Modetrend:Unten ohne

Viele Jugendliche tragen auch bei Minusgraden keine Strümpfe.

Von David Pfeifer

Verwunderung über Jugendmode gibt es, seitdem es Jugendliche gibt. So wird der ein oder andere Lammfellstiefel-Träger derzeit den Kopf schütteln, wenn junge Menschen in dicken Mänteln an ihm vorbeispazieren - die Füße ohne sichtbare Socken in weißen Turnschuhen.

"Flanking" heißt dieser Trend, ein Akronym aus den englischen Begriffen "Flashing" und "Ankle", also grob gesagt: die Fessel aufblitzen lassen. Der Begriff ist frischer als der Trend, weil in der Mode selten etwas neu ist, das meiste geht und kommt wieder, so wie gutes und schlechtes Wetter. Da Deutschland in diesen Tagen von besonders kaltem Wetter geschüttelt wird, kann man sich den Generationenaustausch bei der Frage der blanken Fessel allerdings besonders frostig vorstellen ("So willst du vor die Tür?").

Erika Baum, Präsidentin der Deutschen Gesellschaft für Allgemeinmedizin und Familienmedizin, sieht das gelassen: "Die Fesseln sind nicht so wichtig. Wenn hingegen die Füße kalt werden, steigt bei Frauen das Risiko der Harnwegserkrankung.

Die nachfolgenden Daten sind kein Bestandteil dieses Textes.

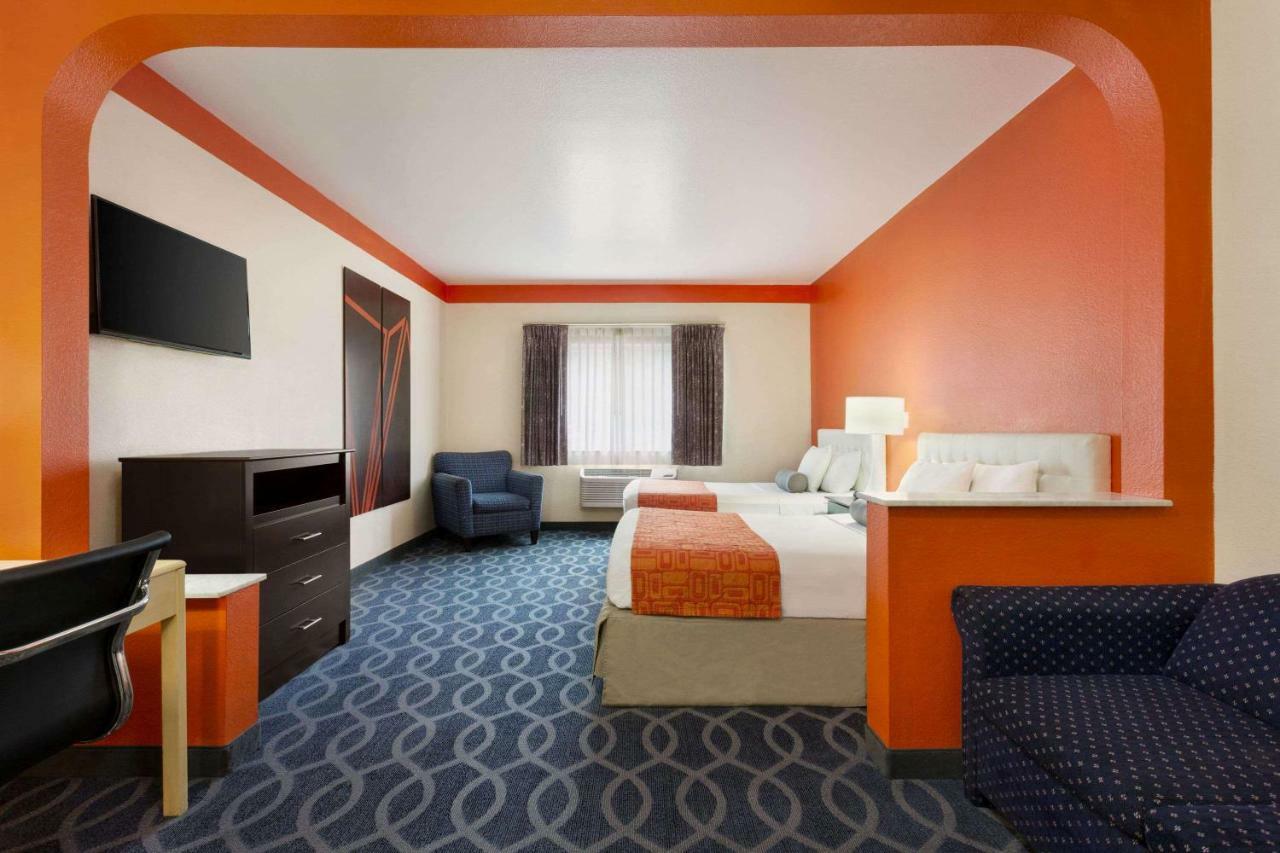 Howard Johnson By Wyndham San Antonio Hotel & Suites Exteriör bild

Aber das kann man mit guter Isolierung ja nun verhindern."

Befeuert wird das Herzeigen der blanken Fessel im Winter durch eine Entwicklung, die seit einigen Jahren allen Moden als Brandbeschleuniger dient: die massenhafte Selbstverbreitung über Blogs und Instagram. Wichtig beim Mode-Bloggen ist die wie zufällig wirkende Ganzkörperaufnahme, vorzugsweise am lang ausgestreckten Arm von schräg oben ausgeführt, was die Silhouette streckt. Und da der Schuh von schräg oben fotografiert noch erkennbar sein sollte, muss das Hosenbein möglichst früh enden. So ist auch der Nebentrend der sogenannten Hochwasserhose zu erklären, also der gekrempelten Jeans, die über die Jahrzehnte immer mal wieder kommt und geht und erst seit jüngerer Zeit "Pinroll" genannt wird, was sich exotisch anhört, aber eben doch eine hochgekrempelte Hose bleibt.

Die Flanker und Pinroller werden auf Mode-Blogs beraten: Lammfell- oder Aluminiumsohlen sollten in die Schuhe. Auf der Website "Stylebook" wird zudem empfohlen, heiße Fußbäder vor dem Ausgehen zu nehmen, dazu Fußcremes, die warm halten, und natürlich eine gute Mütze. Nicht nur für ältere Herren mit zurückgehendem Haaransatz ist das besonders wichtig, denn: "Am meisten Wärme verlieren wir über das Gesicht", sagt Baum.

Die Experten des Outdoor-Ausstatters Globetrotter betrachten das Ganze naturgemäß pragmatisch. Sarah Kilian, Beraterin in der Produktabteilung, empfiehlt ebenso wie Erika Baum dicke Sohlen und Wollsocken fürs Wohlbefinden im Winter: "Der Körper zieht das Blut halt da ab, wo er es am wenigsten braucht. Deswegen friert man von unten." Außer einem Schnupfen passiert dem Flanker zwar nichts, solange er nicht auf Polarexpedition geht. "Aber mit Wollsocken sieht er halt nicht so trendy aus."

Ein ähnliches Problem hat die traditionelle Variante, bei der die kurze Trachten-Lederhose auch im Winter tragbar wäre, mit Wadenwärmern.

Allerdings ist Tradition eben genau das, was Flanking nicht sein soll. Hier gilt, seitdem es Jugendliche gibt: Eine Mode wird vor allem dann attraktiv, wenn Ältere verständnislos den Kopf darüber schütteln.